#### Work item:
Everything in the listing below must be reproduced exactly, apart from its images.

......

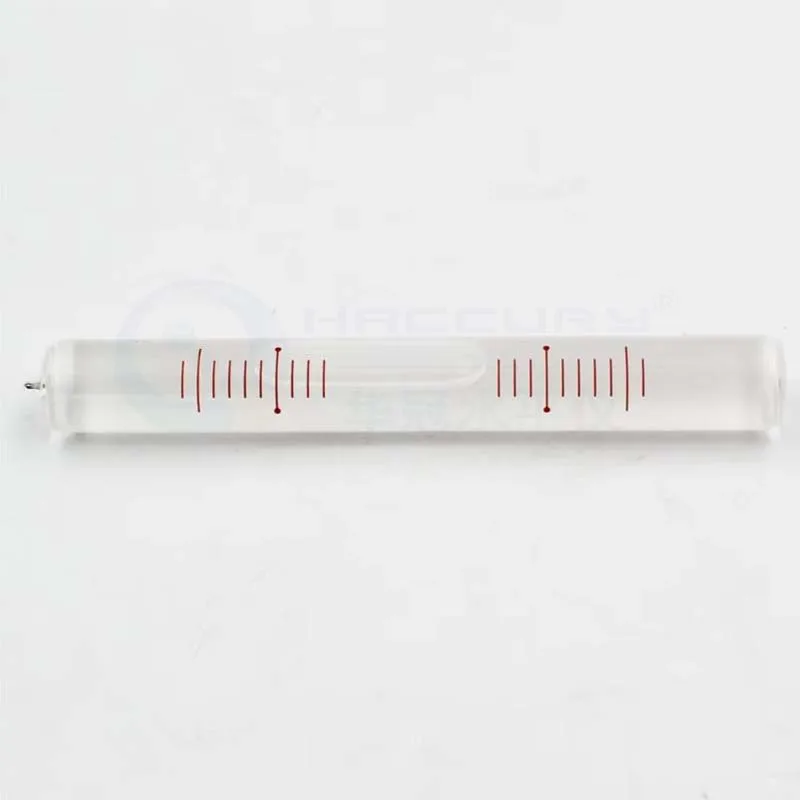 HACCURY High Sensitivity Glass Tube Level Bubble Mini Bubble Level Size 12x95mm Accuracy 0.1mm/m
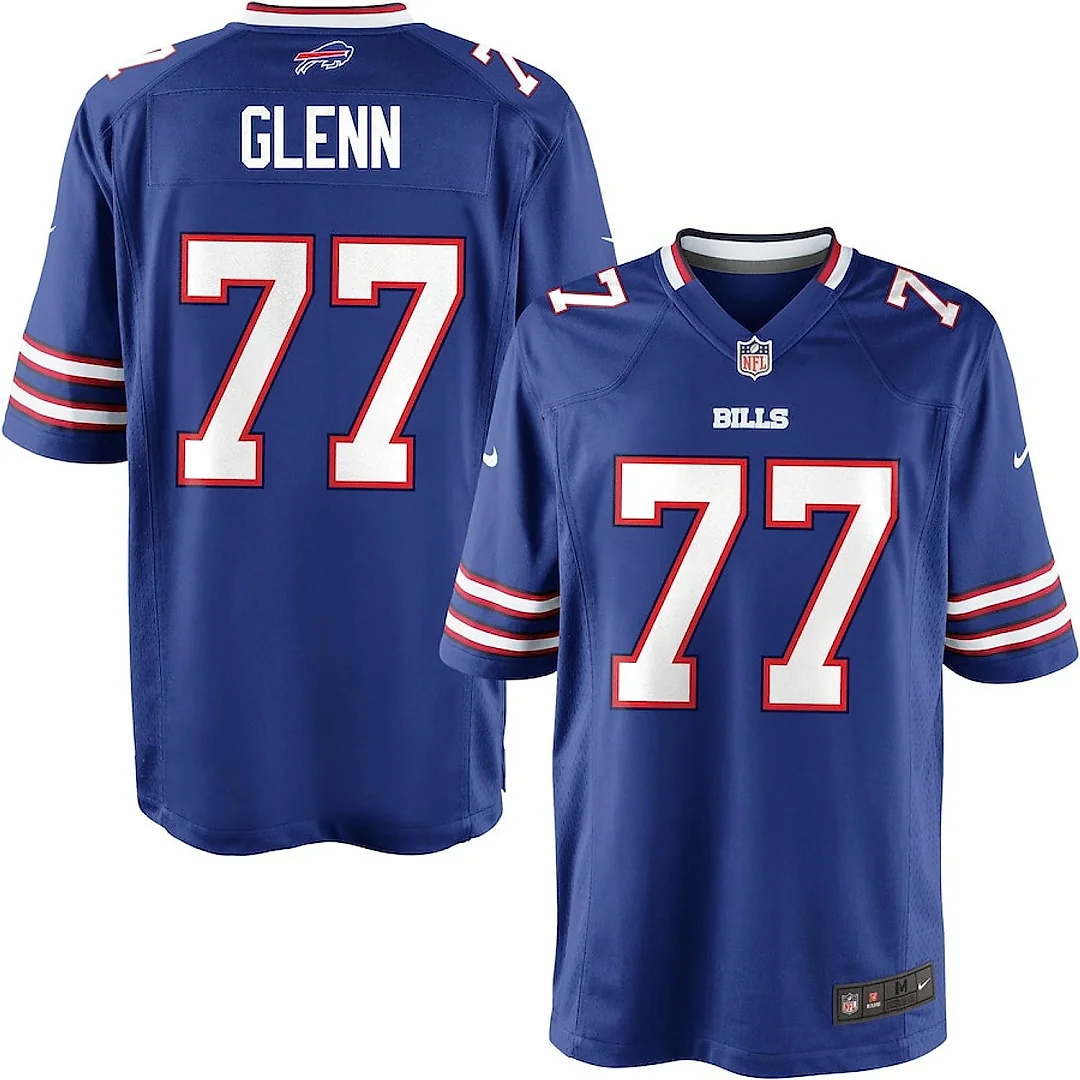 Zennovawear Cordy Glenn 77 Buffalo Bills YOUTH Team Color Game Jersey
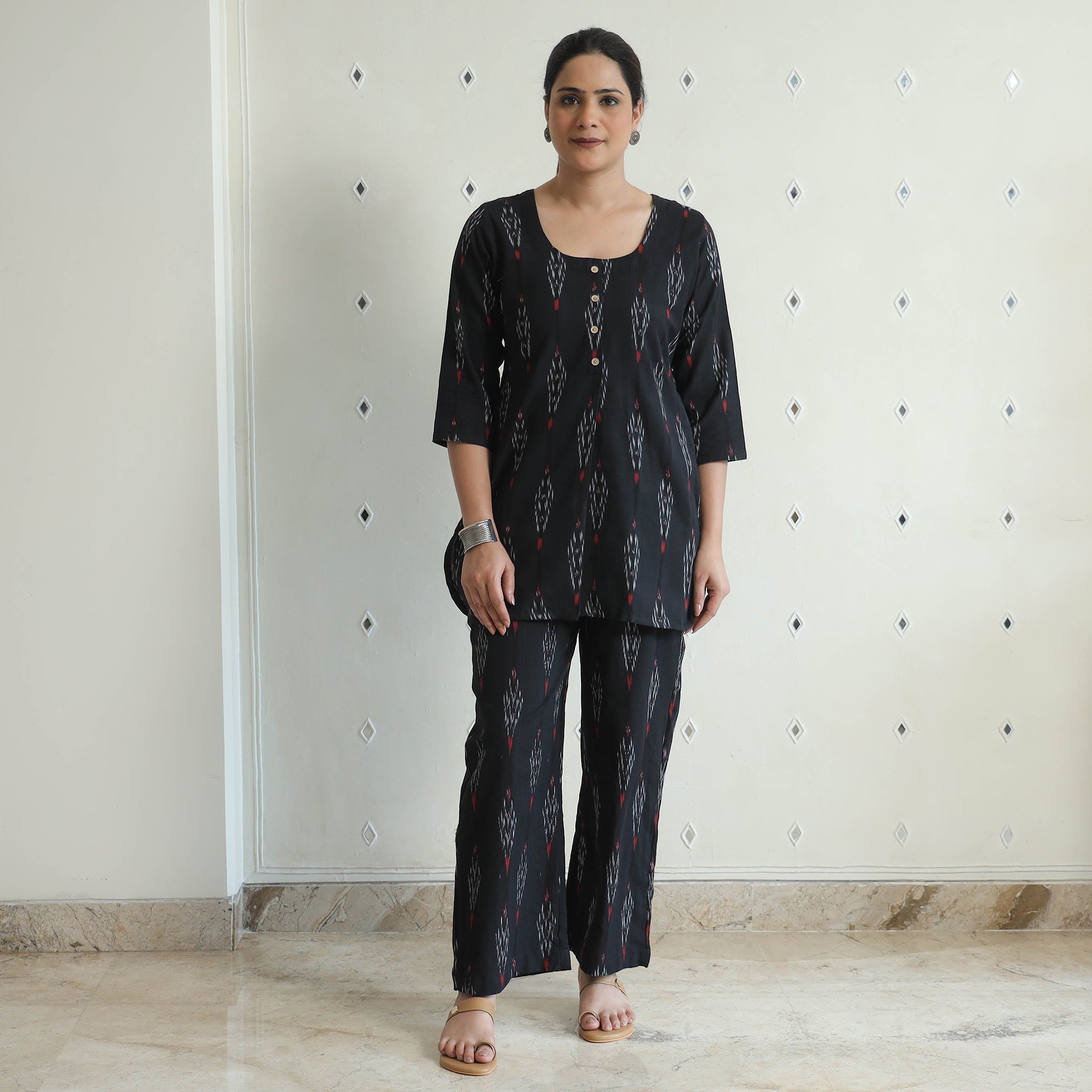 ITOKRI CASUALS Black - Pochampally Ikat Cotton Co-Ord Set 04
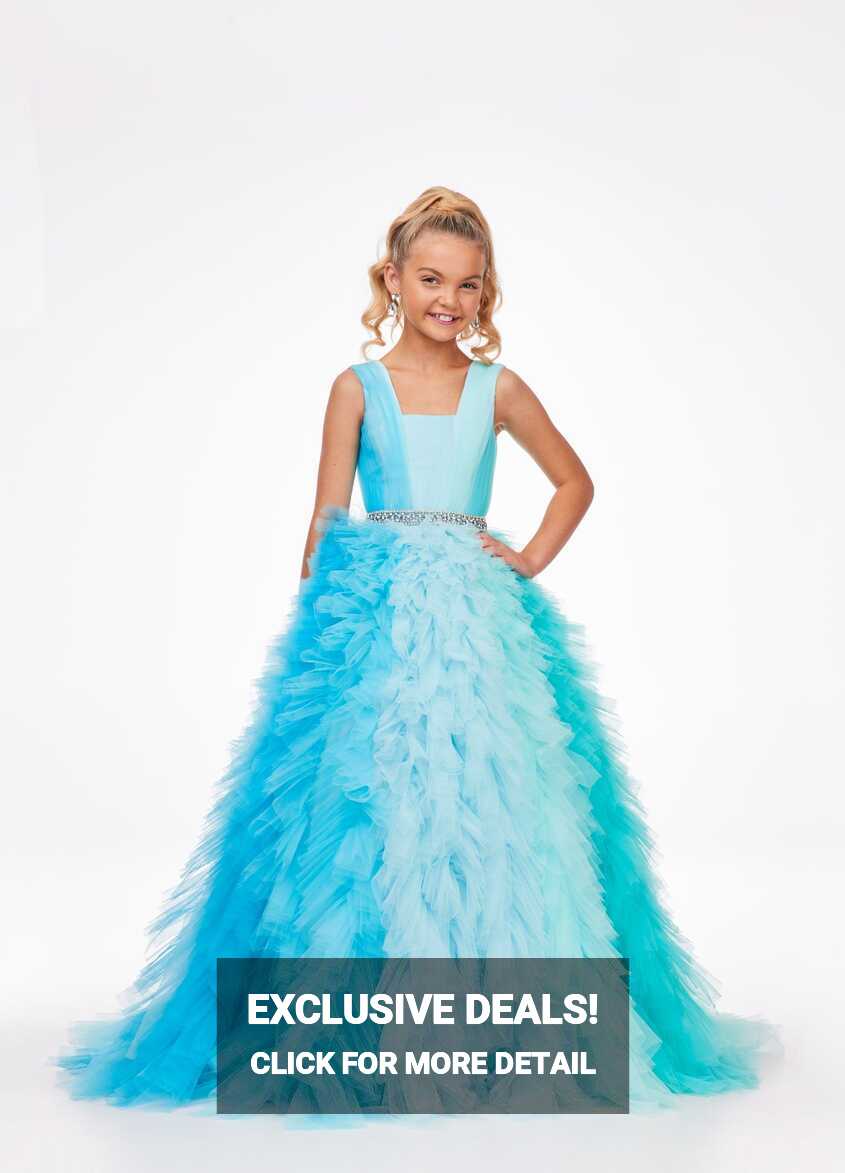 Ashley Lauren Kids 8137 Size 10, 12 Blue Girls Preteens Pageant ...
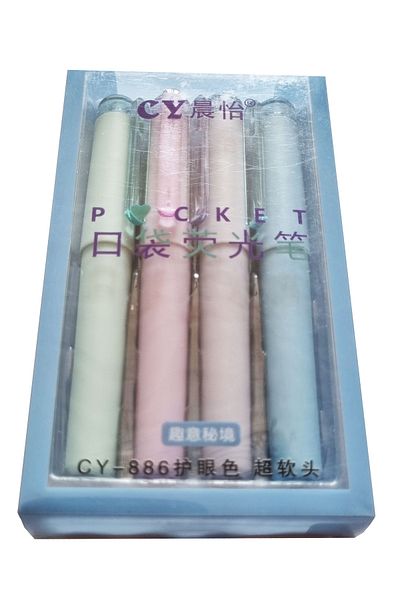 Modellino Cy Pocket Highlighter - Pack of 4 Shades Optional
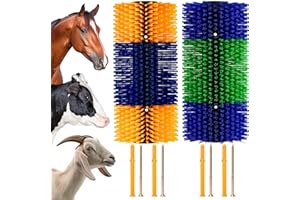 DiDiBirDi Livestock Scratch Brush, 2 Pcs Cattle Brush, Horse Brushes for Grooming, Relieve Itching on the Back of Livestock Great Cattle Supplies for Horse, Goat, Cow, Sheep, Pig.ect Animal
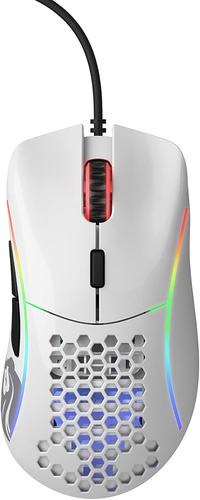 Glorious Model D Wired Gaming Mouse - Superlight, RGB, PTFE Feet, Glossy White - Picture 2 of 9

......

#### Output below:
 HACCURY High Sensitivity Glass Tube Level Bubble Mini Bubble Level Size 12x95mm Accuracy 0.1mm/m
 Zennovawear Cordy Glenn 77 Buffalo Bills YOUTH Team Color Game Jersey
 ITOKRI CASUALS Black - Pochampally Ikat Cotton Co-Ord Set 04
 Ashley Lauren Kids 8137 Size 10, 12 Blue Girls Preteens Pageant ...
 Modellino Cy Pocket Highlighter - Pack of 4 Shades Optional
 DiDiBirDi Livestock Scratch Brush, 2 Pcs Cattle Brush, Horse Brushes for Grooming, Relieve Itching on the Back of Livestock Great Cattle Supplies for Horse, Goat, Cow, Sheep, Pig.ect Animal
 Glorious Model D Wired Gaming Mouse - Superlight, RGB, PTFE Feet, Glossy White - Picture 2 of 9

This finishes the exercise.